For three deaths prevented by vaccination we have to accept two inflicted by vaccination.

This statement seems to imply that vaccines have a 2/3 mortality rate of Covid cases. If that is what it is asserting, then that can be easily refuted with a simple rough order of magnitude estimate using stats from the US. (all numbers are rough).

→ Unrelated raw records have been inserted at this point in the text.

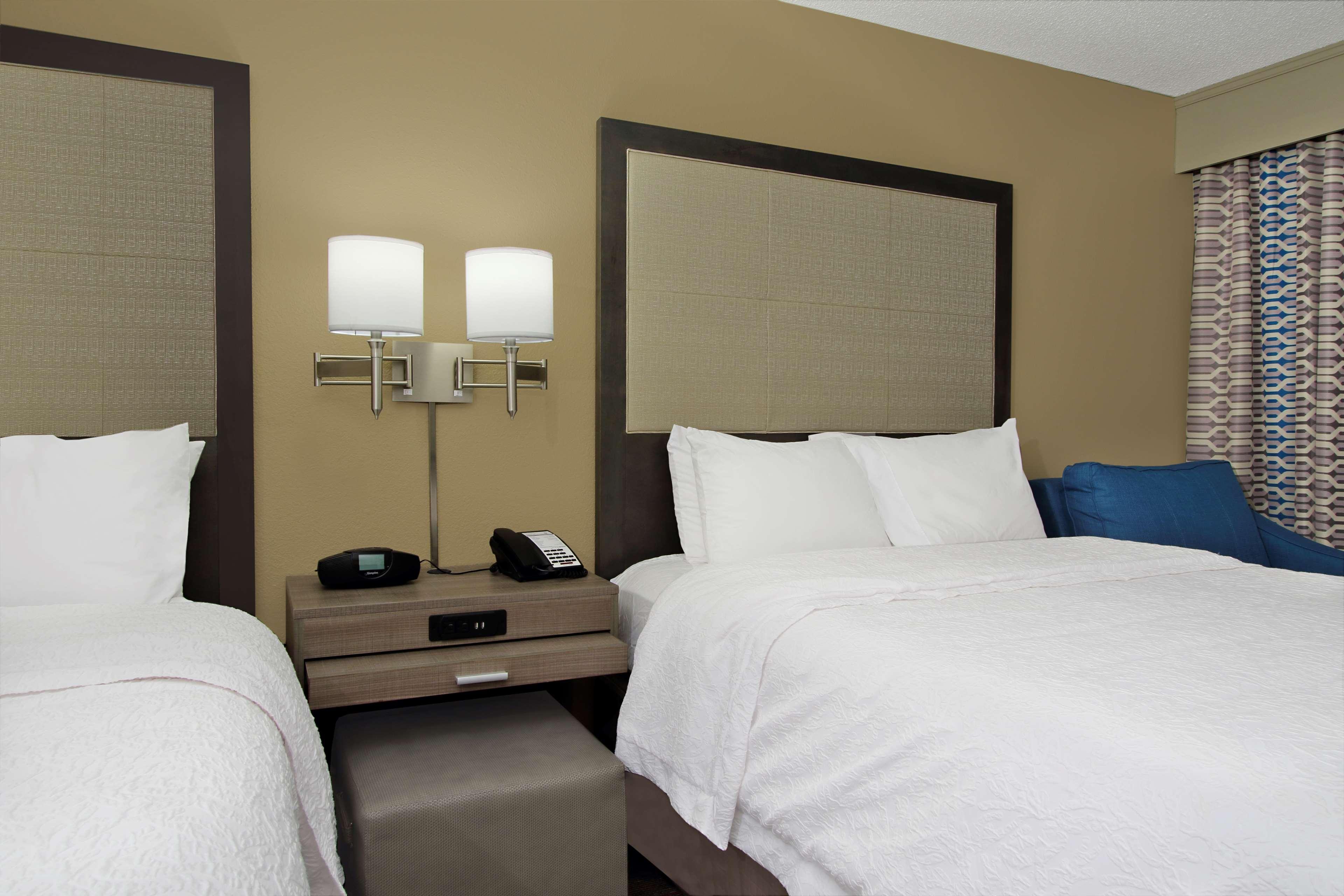 Hampton Inn Madison Kültér fotó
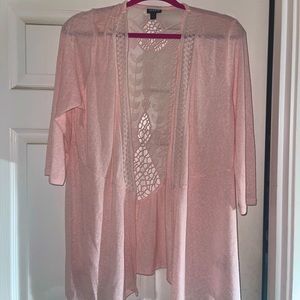 Torrid Cardigan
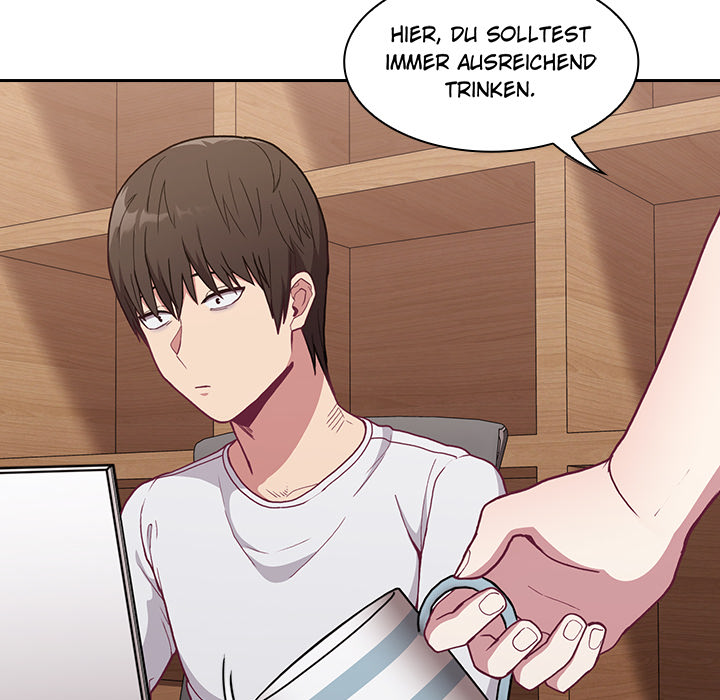 Der Weg zum Altar - episode 4 - 21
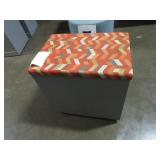 STEELCASE MOBILE FILE PEDESTAL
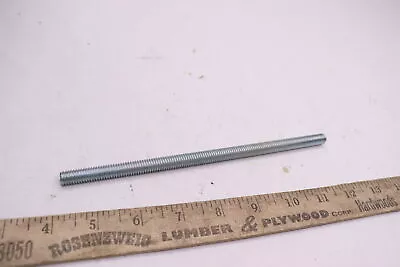 Hilti Threaded Rod Steel 3/8  X 8  • $2.06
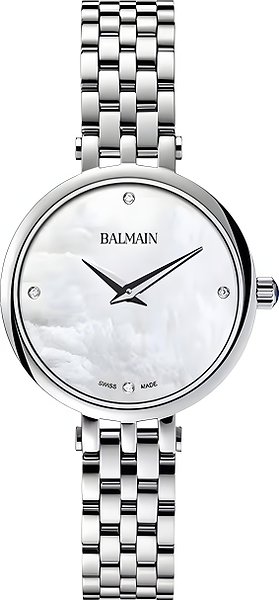 Balmain Женские часы 4291.33.85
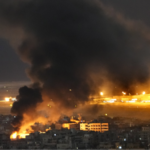 Lebanese_Residents_Flee_as_Blasts_Rock_Beirut_Amid_Israel_Hezbollah_Escalation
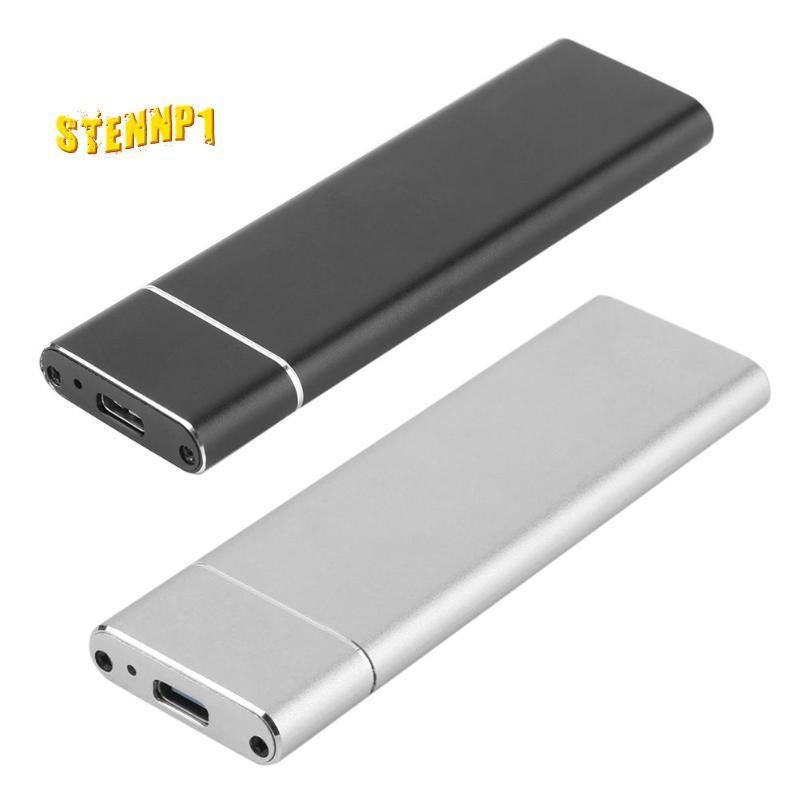 Set vỏ ổ cứng chuyển đổi usb 3.1 sang m.2 ngff ssd cho m2 sata ssd usb 3.1 2230 / 2242 / 2260 / 2280
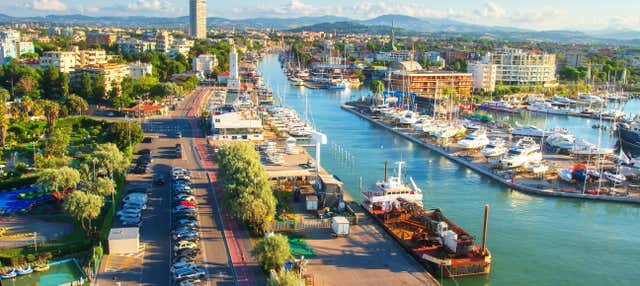 Visita guidata a Rimini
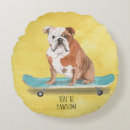 Search for english bulldog cushions Dog lover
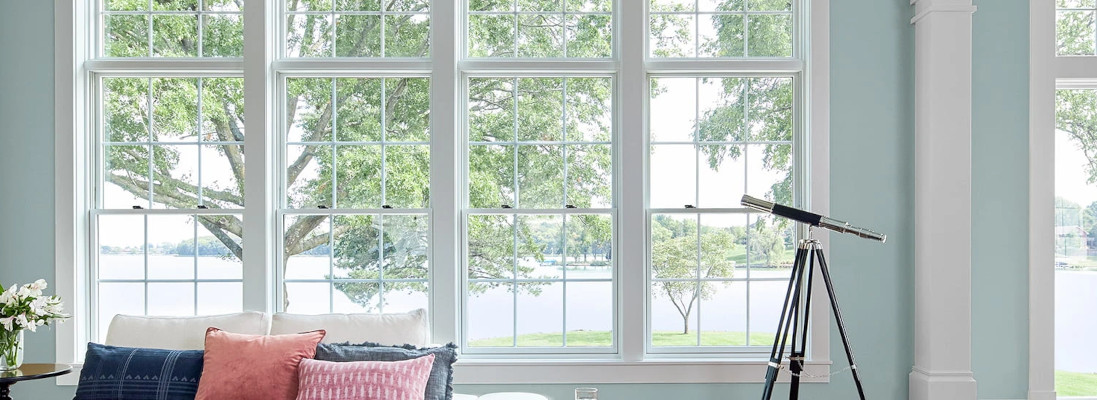 Monterey's Best Priced Windows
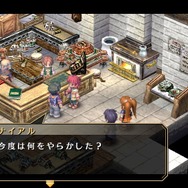 『空の軌跡 FC Evolution』体験版配信決定!新たなキャラビジュアルや、便利になった戦闘も紹介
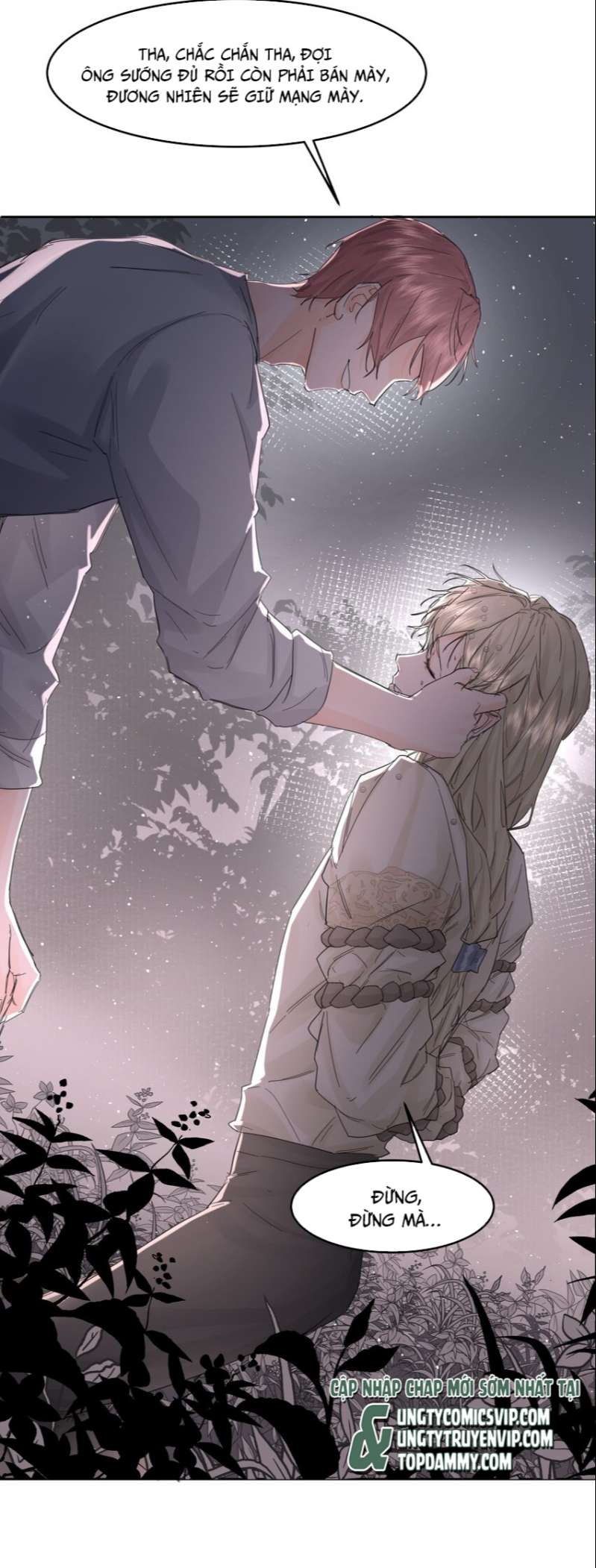 Tiền Nhiệm Vi Vương Chapter 15 - Trang 4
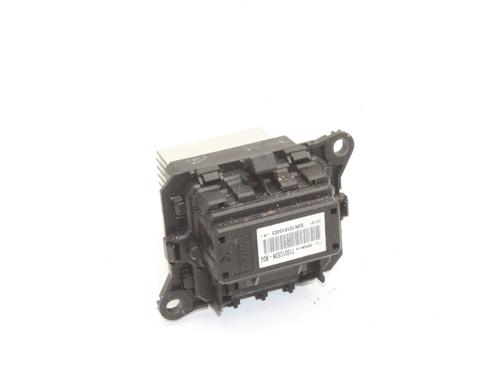 Heater resistor SUBARU FORESTER (SH_) 2.0 D AWD (SHH, SHD, SHN) | BP39858774M108 - Image 3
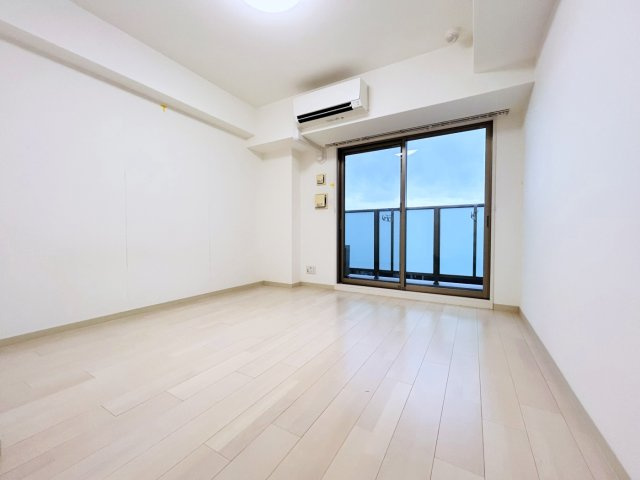 【寝室】ラシャルム西宮本町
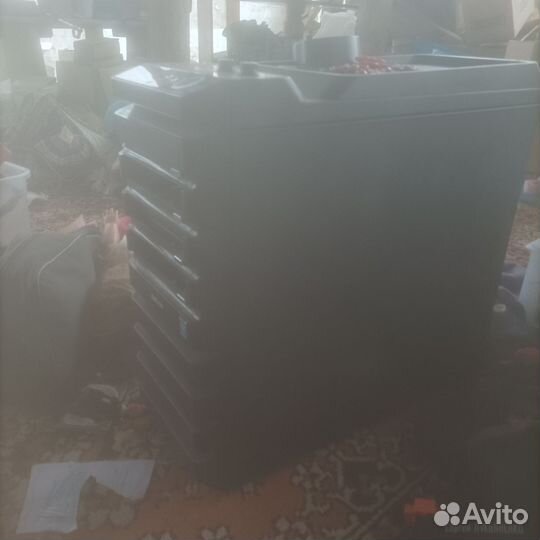 Системный блок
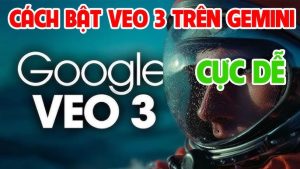 Hướng Dẫn Cách Dùng Tài Khoản Google AI Ultra – Google VEO 3 Tài Khoản Google AI Ultra – Google VEO 3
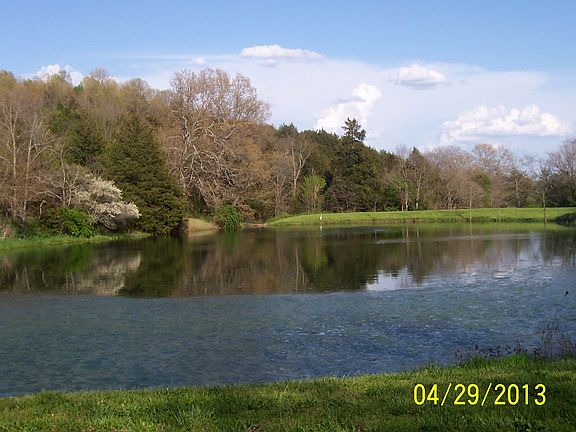 1 acre lake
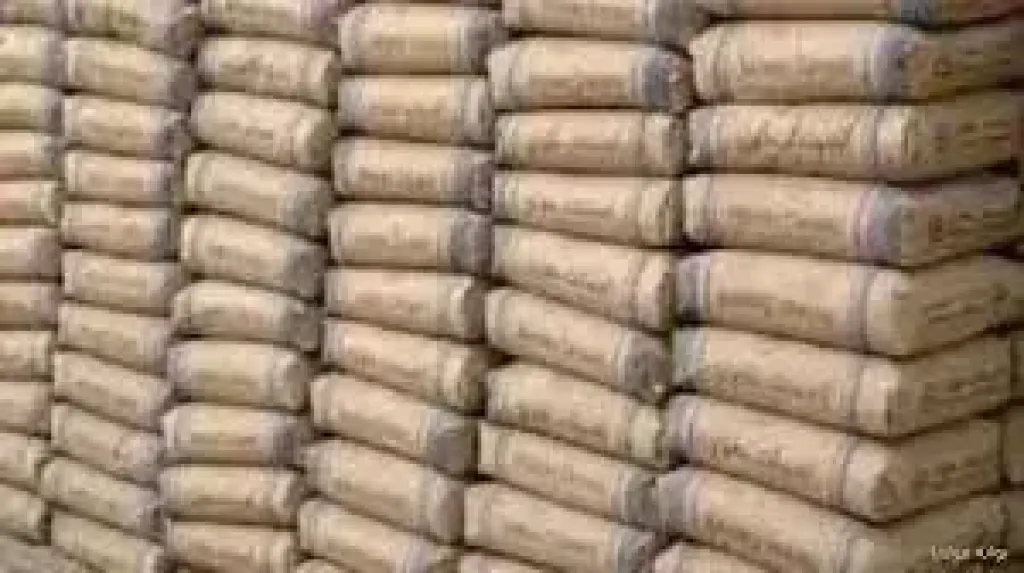 الاسمنت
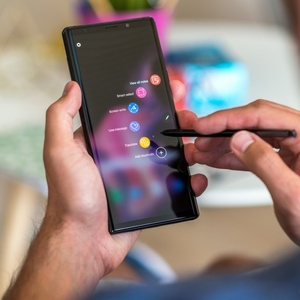 Teléfonos Reacondicionados Originales Desbloqueados de Excelente Calidad y Precio Económico, Grado A+, para <span class=keywords><strong>Samsung</strong></span> Note9 N960 - Product Image 5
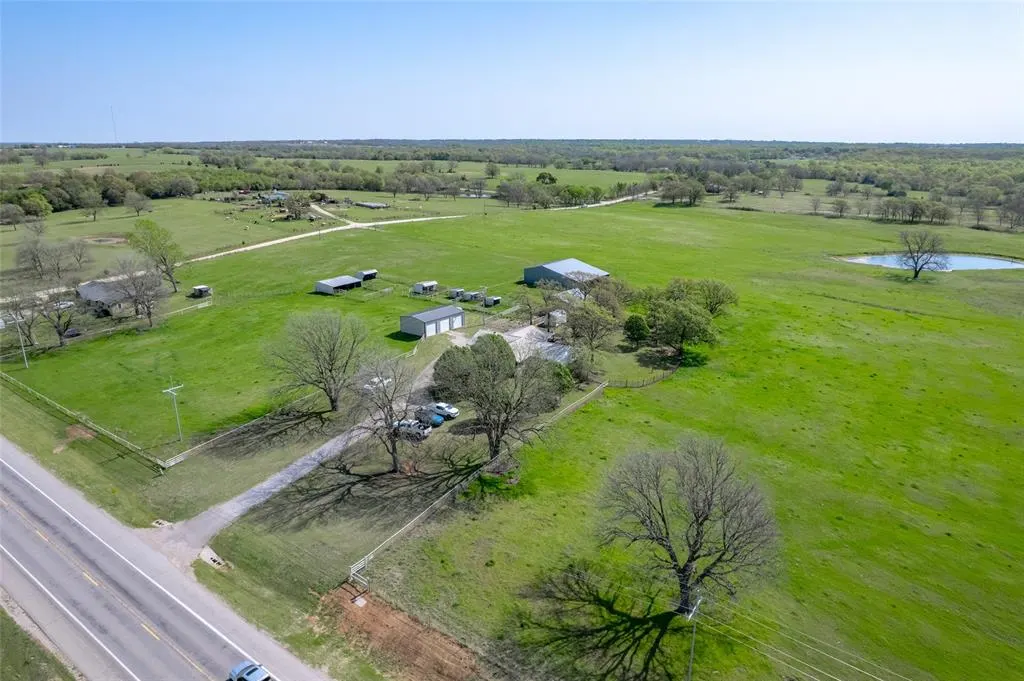 Photo 2 — 8911 Highway 177 N, Sulphur, OK 73086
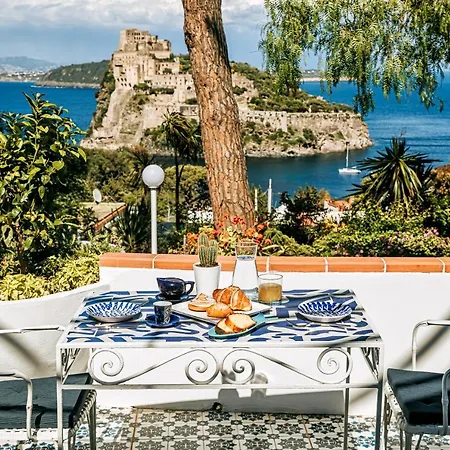 Livia Ischia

In order to gauge a ROM of "preventable deaths" we can take the 3 month period before the vaccines, Oct-Dec 2020, there were roughly 14M Covid cases resulting in 175K deaths. Excess mortality rates seem to confirm the 175K deaths from Covid.

In a 3 month period, March-May of 2021, about 100M people were fully vaccinated. That is 7 times (100M/14M) the number of Covid cases above.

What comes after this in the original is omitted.